The National Information Technology Development Agency (NITDA), the World Bank and the World Trade Organisation (WTO) have teamed up to accelerate diversification through industrialisation and digital trade.
This was made known when the DG of NITDA, Kashifu Inuwa, played host to a delegation from the World Bank and the WTO, led by Mr Aleksandar Stojanov at the agency's corporate headquarters in Abuja yesterday.
The meeting was centered on fostering deep collaboration between the two organisations to enhance digital trade, cross-border data services and sharing ideas on developing regulatory policies that would accelerate economic growth through technological innovations.
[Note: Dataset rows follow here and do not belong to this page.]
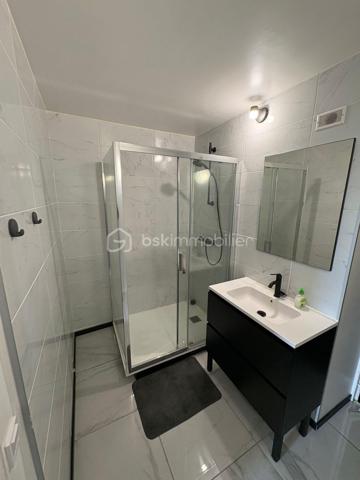 ✨ ROANNE CENTRE-VILLE – APPARTEMENT 66 M² ENTIÈREMENT RÉNOVÉ

À découvrir sans tarder !

Situé en plein cœur du centre-ville de Roanne, à proximité immédiate de toutes les commodités, cet agréable appartement de 66 m² offre un cadre de vie idéal, alliant confort, modernité et praticité.
Installé au 6ᵉ et dernier étage d’une copropriété parfaitement entretenue, l’appartement a été entièrement repris à neuf avec soin. Aucun travaux n’est à prévoir : vous n’avez plus qu’à poser vos valises !
Vous serez séduit par sa belle cuisine entièrement équipée, pensée pour être à la fois fonctionnelle et conviviale.

Les + :
● 66 m² habitables
● Deux chambres, buanderie, dressing, wc séparés
● 6ᵉ et dernier étage
● Appartement entièrement rénové très lumineux
● Aucun travaux à prévoir
● Belle cuisine équipée ouverte
● Copropriété en parfait état
● Parking situé au pied de la résidence
● Toutes les commodités accessibles à pied
● Idéal pour un jeune couple, un premier achat ou un investissement

Un appartement clé en main, idéalement situé, qui combine la tranquillité d’une résidence bien entretenue avec la proximité immédiate des commerces, services et transports du centre-ville.
Une visite s’impose avec Pascal MORIN 060943444 pour apprécier pleinement la qualité de ce bien !
Rare sur le secteur, ce bien n’attendra pas longtemps.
Speaking on the agency's move to review most of its regulations, Inuwa said: "We started with recrafting our Strategic Roadmap and Action Plan 2.0 for 2024-2027 which has eight strategic pillars, among which is Strengthening Policy Implementation and Legal Framework, and what we need to put in place to make sure we create an enabling environment for the digital economy and digital trade."
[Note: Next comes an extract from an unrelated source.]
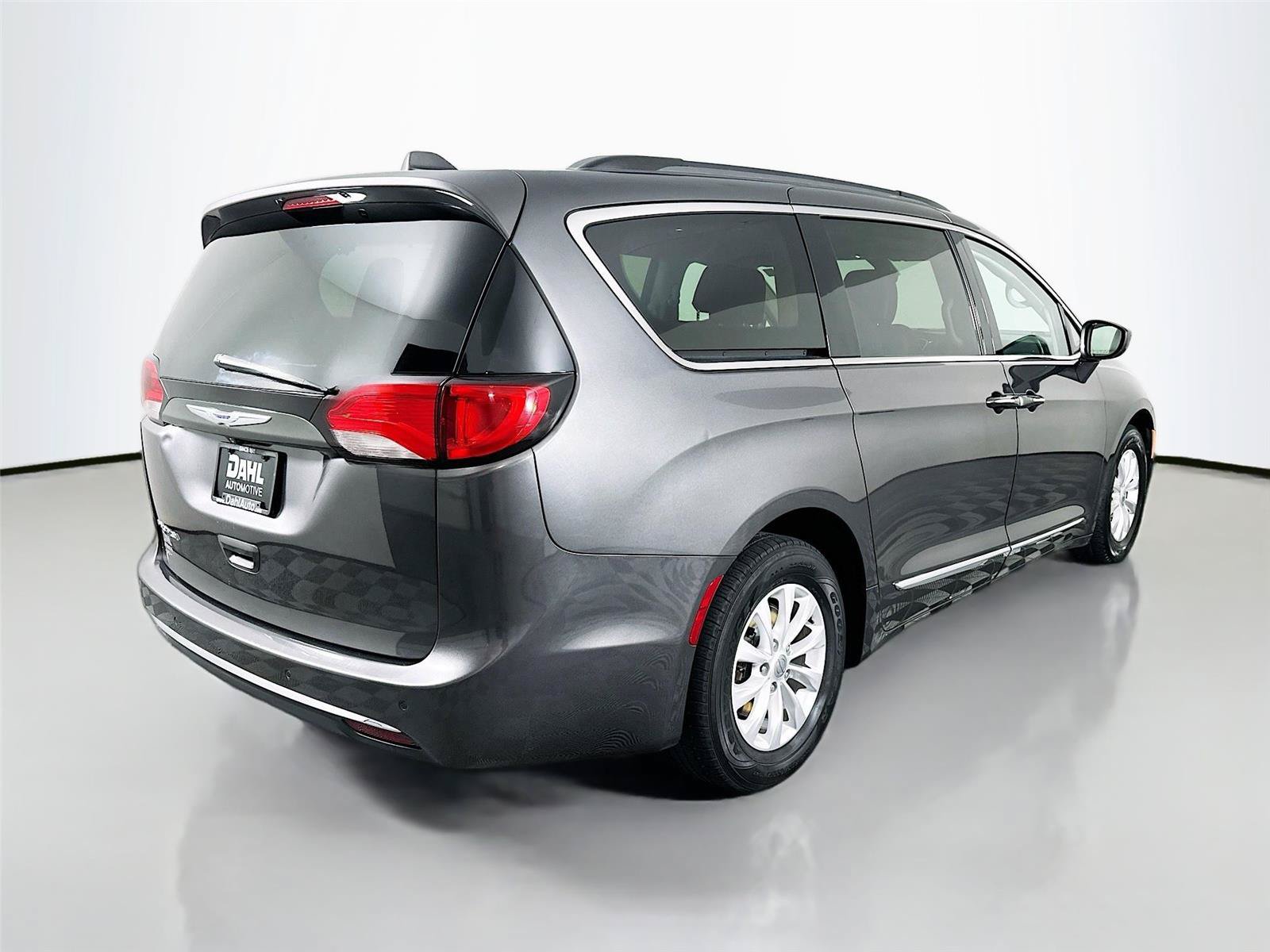 Used 2017 Chrysler Pacifica Touring-L FWD image 13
He highlighted key regulatory advancements and revealed that NITDA was at an advanced stage of establishing a National Public Key Infrastructure (PKI) which would underpin the nation's electronic signature framework.
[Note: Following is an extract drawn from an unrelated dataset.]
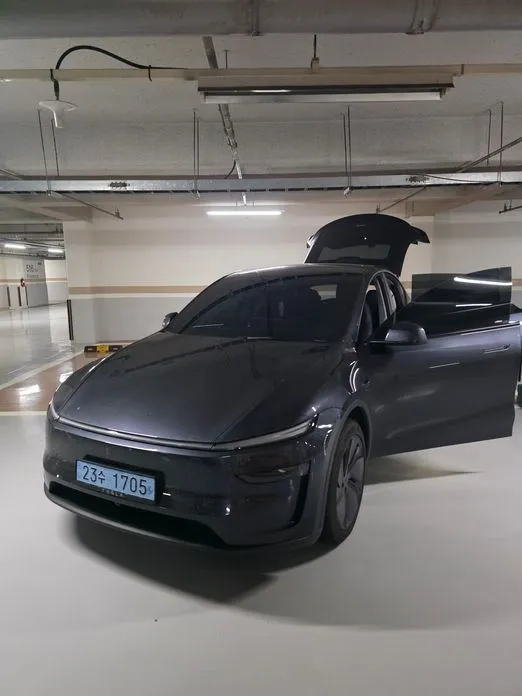 Tesla Model Y — фото 8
He further said, "The EU just developed a Cyber Resilience Act which covers all these software and hardware testing issues so we can also have one instrument that can look at the cyber resilience, the software, hardware, firmware issues and even the national cyber security architecture could be part of that."
He expressed the agency's willingness to collaborate with individuals, organisations and experts to refine and implement all these strategic initiatives in optimising Nigeria's digital landscape.
In his earlier address, Mr Stojanov shared their initial findings from the digital trade regulatory gap analysis conducted by the World Bank on the continent, particularly in Nigeria, and how regulations could play a critical role in enhancing it.